Dozens of hit records like Folsom Prison Blues, I Walk the Line and A Boy Named Sue defined Cash’s persona: a haunted, dignified, resilient spokesman for the working man and downtrodden.
Cash’s deeply lined face fit well with his unsteady voice, which was limited in range but used to great effect to sing about prisoners, heartaches, and tales of everyday life. He wrote much of his own material, and was among the first to record the songs of Bob Dylan and Kris Kristofferson.
One Piece at a Time was about an assembly line worker who built a car out of parts stolen from his factory.
A Boy Named Sue was a comical story of a father who gives his son a girl’s name to make him tough.
The Ballad of Ira Hayes told of the drunken death of an American Indian soldier who helped raised the American flag at Iwo Jima during the Second World War, but returned to harsh racism in America.
Cash said in his 1997 autobiography Cash” that he tried to speak for “voices that were ignored or even suppressed in the entertainment media, not to mention the political and educational establishments.”
Cash’s career spanned generations, with each finding something of value in his simple records, many of which used his trademark “boom-chicka-boom” rhythm.
Cash was a peer of Elvis Presley when rock’n roll was born in Memphis in the 1950s, and he scored hits like Cry! Cry! Cry! during that era. He had a long-time friendship and recorded with Dylan, who has cited Cash as a major influence.
He won 11 Grammys – most recently in 2003, when Give My Love To Rose earned him honours as best male country vocal performance – and numerous Country Music Association awards.
He was elected to the Country Music Hall of Fame in 1980 and inducted into the Rock and Roll Hall of Fame in 1992.
His second wife, June Carter Cash, and daughter Roseanne Cash also were successful singers.
June Carter Cash, who co-wrote Cash’s hit Ring of Fire and partnered with her husband in hits such as Jackson, died in May.
The late 1960s and ’70s were Cash’s peak commercial years, and he was host of his own TV variety show from 1969-71. In later years, he was part of the Highwayman supergroup with Waylon Jennings, Willie Nelson and Kristofferson.
In the 1990s, he found a new artistic life recording with rap and hard rock producer Rick Rubin on the label American Recordings.

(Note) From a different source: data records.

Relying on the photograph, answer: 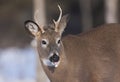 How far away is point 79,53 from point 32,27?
0.93 meters

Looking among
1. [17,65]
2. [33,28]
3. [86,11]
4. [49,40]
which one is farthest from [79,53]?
[86,11]

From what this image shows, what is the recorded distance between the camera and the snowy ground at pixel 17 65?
2288 centimetres

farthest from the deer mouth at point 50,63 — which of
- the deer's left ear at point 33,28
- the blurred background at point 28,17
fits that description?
the blurred background at point 28,17

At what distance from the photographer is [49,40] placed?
43.5ft

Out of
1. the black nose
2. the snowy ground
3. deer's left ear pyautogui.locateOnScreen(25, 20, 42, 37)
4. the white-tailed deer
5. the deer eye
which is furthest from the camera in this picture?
the snowy ground

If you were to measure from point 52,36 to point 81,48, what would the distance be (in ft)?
1.91

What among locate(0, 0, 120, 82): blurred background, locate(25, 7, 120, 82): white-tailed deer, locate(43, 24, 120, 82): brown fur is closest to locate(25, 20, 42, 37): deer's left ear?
locate(25, 7, 120, 82): white-tailed deer

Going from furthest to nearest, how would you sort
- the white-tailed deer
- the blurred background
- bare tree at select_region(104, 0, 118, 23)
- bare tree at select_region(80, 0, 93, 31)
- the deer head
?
bare tree at select_region(80, 0, 93, 31) → the blurred background → bare tree at select_region(104, 0, 118, 23) → the white-tailed deer → the deer head

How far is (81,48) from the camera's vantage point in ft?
44.2

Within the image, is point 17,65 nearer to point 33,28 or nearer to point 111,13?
point 111,13

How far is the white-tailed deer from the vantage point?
13141 millimetres

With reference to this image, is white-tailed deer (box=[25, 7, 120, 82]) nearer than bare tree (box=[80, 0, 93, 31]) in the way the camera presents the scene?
Yes

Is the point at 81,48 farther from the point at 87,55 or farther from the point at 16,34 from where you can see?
the point at 16,34

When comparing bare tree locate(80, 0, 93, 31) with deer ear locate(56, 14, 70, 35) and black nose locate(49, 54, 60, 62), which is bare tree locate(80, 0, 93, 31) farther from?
black nose locate(49, 54, 60, 62) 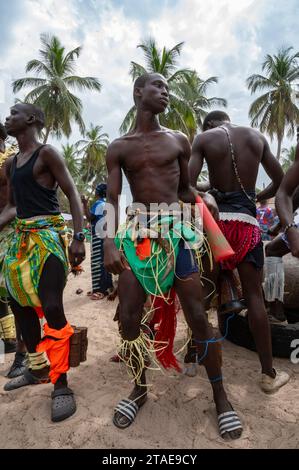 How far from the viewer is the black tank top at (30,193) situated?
8.32 ft

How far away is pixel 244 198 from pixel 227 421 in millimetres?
1544

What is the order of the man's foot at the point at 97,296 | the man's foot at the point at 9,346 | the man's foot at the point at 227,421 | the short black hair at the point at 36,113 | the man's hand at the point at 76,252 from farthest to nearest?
the man's foot at the point at 97,296
the man's foot at the point at 9,346
the short black hair at the point at 36,113
the man's hand at the point at 76,252
the man's foot at the point at 227,421

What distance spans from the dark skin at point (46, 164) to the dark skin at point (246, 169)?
3.15 ft

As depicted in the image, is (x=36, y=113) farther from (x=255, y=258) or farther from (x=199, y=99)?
(x=199, y=99)

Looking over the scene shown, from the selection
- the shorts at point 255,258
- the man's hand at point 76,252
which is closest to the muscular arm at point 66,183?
the man's hand at point 76,252

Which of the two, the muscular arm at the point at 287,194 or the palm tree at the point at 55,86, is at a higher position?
the palm tree at the point at 55,86

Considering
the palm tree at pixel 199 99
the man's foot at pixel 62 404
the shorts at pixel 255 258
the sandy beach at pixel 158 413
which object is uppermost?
the palm tree at pixel 199 99

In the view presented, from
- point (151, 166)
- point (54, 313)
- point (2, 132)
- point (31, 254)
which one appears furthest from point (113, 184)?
point (2, 132)

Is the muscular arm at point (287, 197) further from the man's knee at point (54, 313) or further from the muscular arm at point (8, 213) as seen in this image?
the muscular arm at point (8, 213)

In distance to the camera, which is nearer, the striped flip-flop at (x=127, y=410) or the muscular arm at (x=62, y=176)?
the striped flip-flop at (x=127, y=410)

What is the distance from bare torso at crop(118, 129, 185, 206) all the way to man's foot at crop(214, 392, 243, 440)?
128 centimetres

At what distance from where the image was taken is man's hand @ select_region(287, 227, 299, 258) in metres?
2.09

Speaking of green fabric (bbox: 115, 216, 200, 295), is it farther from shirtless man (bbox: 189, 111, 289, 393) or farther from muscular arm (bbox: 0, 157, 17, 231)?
muscular arm (bbox: 0, 157, 17, 231) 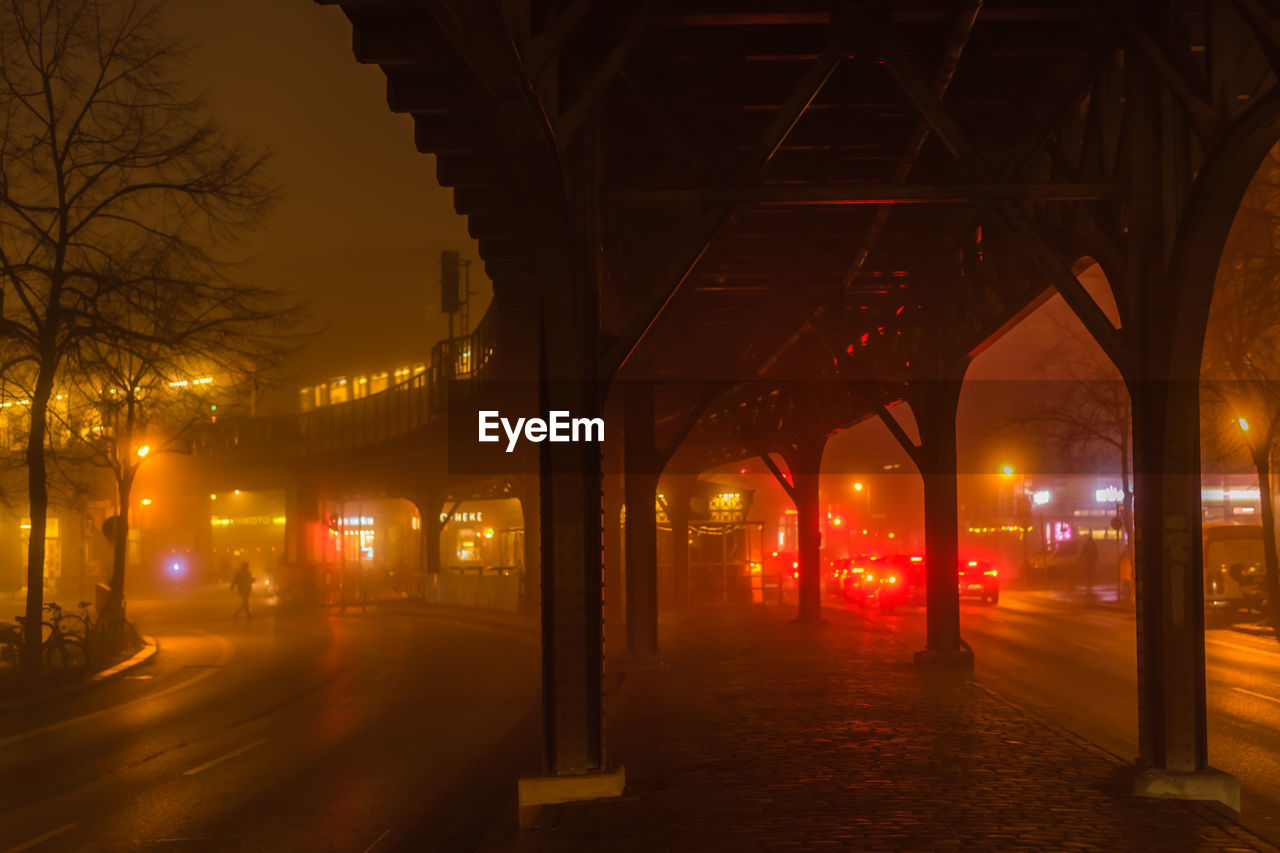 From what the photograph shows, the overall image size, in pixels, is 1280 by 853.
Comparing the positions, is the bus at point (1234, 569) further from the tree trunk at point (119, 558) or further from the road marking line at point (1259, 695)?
the tree trunk at point (119, 558)

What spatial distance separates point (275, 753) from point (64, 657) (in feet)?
38.0

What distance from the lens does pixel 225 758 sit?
48.2ft

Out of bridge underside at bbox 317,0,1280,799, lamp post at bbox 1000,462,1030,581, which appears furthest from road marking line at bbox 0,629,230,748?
lamp post at bbox 1000,462,1030,581

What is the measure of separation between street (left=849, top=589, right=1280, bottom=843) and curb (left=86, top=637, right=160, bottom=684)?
15.0 meters

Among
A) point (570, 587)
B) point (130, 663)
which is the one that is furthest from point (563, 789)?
point (130, 663)

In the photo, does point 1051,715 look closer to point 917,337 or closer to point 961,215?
point 961,215

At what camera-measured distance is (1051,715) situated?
1499 centimetres

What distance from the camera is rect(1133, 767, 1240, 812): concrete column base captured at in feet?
31.3

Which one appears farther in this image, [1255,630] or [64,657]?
[1255,630]

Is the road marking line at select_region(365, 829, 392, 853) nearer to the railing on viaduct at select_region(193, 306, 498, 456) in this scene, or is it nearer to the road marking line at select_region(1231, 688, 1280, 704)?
the road marking line at select_region(1231, 688, 1280, 704)

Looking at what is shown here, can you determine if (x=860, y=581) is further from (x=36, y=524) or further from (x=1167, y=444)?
(x=1167, y=444)

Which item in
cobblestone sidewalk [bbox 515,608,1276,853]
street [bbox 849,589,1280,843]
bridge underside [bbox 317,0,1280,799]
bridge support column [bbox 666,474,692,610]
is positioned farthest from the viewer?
bridge support column [bbox 666,474,692,610]

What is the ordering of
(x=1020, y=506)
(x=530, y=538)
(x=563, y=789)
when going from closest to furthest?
1. (x=563, y=789)
2. (x=530, y=538)
3. (x=1020, y=506)

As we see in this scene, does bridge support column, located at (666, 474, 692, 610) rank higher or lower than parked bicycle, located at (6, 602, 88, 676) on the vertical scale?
higher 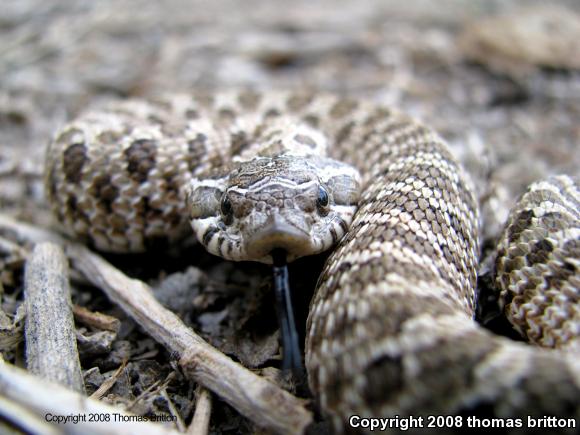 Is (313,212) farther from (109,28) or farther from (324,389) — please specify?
(109,28)

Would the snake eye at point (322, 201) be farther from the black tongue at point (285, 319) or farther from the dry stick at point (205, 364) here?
the dry stick at point (205, 364)

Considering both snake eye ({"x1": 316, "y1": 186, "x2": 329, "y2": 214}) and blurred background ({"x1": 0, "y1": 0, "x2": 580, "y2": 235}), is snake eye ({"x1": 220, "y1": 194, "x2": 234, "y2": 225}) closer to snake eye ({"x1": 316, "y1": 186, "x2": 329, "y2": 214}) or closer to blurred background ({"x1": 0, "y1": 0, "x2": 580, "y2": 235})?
snake eye ({"x1": 316, "y1": 186, "x2": 329, "y2": 214})

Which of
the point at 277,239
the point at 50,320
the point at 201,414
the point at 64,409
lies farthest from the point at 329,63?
the point at 64,409

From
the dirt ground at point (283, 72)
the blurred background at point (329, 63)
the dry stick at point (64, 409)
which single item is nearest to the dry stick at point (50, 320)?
the dirt ground at point (283, 72)

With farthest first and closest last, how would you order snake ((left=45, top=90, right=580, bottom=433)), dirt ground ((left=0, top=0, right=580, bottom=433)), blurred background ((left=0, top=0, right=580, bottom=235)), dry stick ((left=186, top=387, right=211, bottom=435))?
blurred background ((left=0, top=0, right=580, bottom=235))
dirt ground ((left=0, top=0, right=580, bottom=433))
dry stick ((left=186, top=387, right=211, bottom=435))
snake ((left=45, top=90, right=580, bottom=433))

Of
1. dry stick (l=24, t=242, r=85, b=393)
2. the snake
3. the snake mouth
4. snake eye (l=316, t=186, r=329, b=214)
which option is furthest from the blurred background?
the snake mouth

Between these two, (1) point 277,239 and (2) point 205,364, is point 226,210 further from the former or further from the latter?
(2) point 205,364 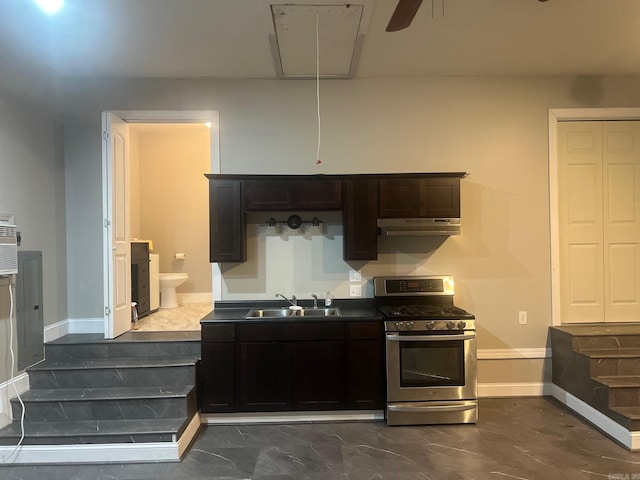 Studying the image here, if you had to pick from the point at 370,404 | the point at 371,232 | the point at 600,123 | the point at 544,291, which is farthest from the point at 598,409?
the point at 600,123

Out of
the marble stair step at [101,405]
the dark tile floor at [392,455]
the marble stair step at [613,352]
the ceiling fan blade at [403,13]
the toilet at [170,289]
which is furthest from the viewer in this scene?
the toilet at [170,289]

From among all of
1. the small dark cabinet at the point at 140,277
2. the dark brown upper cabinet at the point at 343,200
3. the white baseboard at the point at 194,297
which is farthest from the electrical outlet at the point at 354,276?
the white baseboard at the point at 194,297

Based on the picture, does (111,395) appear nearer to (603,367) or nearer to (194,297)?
(194,297)

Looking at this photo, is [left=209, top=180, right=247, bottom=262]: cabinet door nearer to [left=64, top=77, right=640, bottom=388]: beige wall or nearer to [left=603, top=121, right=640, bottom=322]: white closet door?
[left=64, top=77, right=640, bottom=388]: beige wall

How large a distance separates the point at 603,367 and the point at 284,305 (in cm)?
286

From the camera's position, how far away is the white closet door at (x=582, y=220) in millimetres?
3865

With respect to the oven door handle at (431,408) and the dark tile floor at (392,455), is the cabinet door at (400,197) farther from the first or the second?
the dark tile floor at (392,455)

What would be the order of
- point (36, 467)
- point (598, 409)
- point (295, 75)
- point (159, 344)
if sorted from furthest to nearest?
point (295, 75), point (159, 344), point (598, 409), point (36, 467)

And he was back on the charts in with the 2002 album American IV: the Man Comes Around.
He also wrote books including two autobiographies, and acted in films and television shows.
In his 1971 hit Man in Black, Cash said his black clothing symbolised the downtrodden people in the world. Cash had been The Man in Black since he joined the Grand Ole Opry at age 25.
“Everybody was wearing rhinestones, all those sparkle clothes and cowboy boots,” he said in 1986.
“I decided to wear a black shirt and pants and see if I could get by with it. I did and I’ve worn black clothes ever since.”
John Cash was born February 26, 1932, in Kingsland, Arkansas, one of seven children. When he was 12, his 14-year-old brother and hero, Jack, died after an accident while sawing oak trees into fence posts. The tragedy had a lasting impact on Cash, and he later pointed to it as a possible reason his music was frequently melancholy.
He worked as a custodian and enlisted in the Air Force, learning guitar while stationed in Germany, before launching his music career after his 1954 discharge.
“All through the Air Force, I was so lonely for those three years,” Cash said during a 1996 interview. “If I couldn’t have sung all those old country songs, I don’t think I could have made it.”